◆ Task
What is needed is the exact text of each line in the listing below from the one with "Antique Indian double-leaf" up to and including the one with "New York Giants womens", and no pictures.

◆ Provided entries
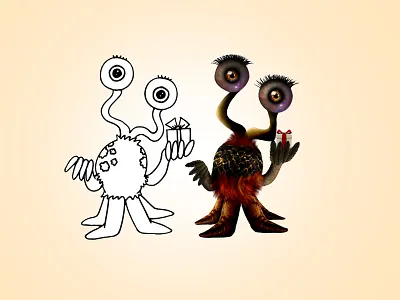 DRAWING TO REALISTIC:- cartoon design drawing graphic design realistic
--
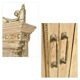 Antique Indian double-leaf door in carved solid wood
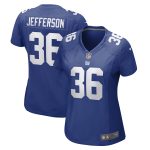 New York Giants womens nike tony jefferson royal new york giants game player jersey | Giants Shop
...
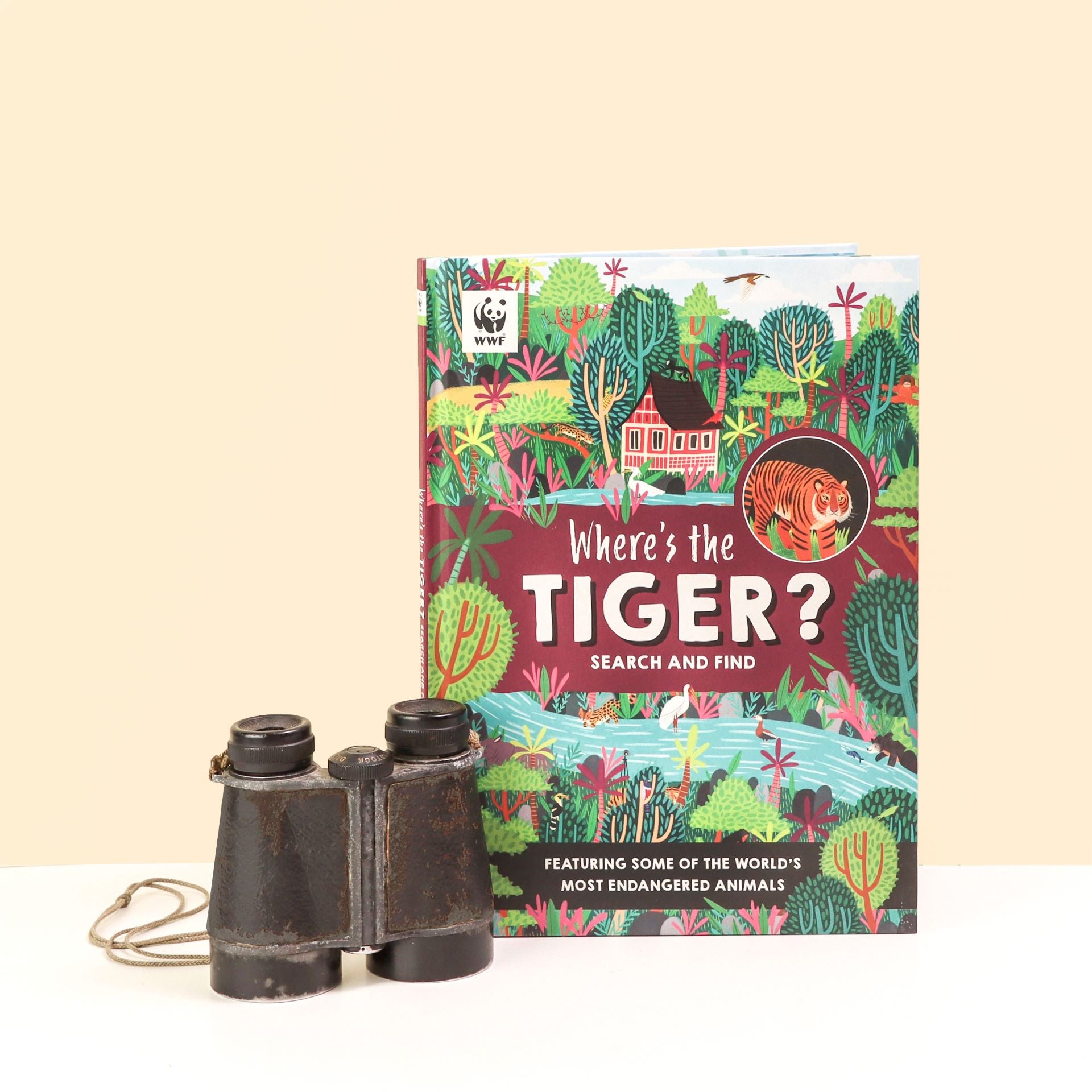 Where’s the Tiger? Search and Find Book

◆ Result
 Antique Indian double-leaf door in carved solid wood
 New York Giants womens nike tony jefferson royal new york giants game player jersey | Giants Shop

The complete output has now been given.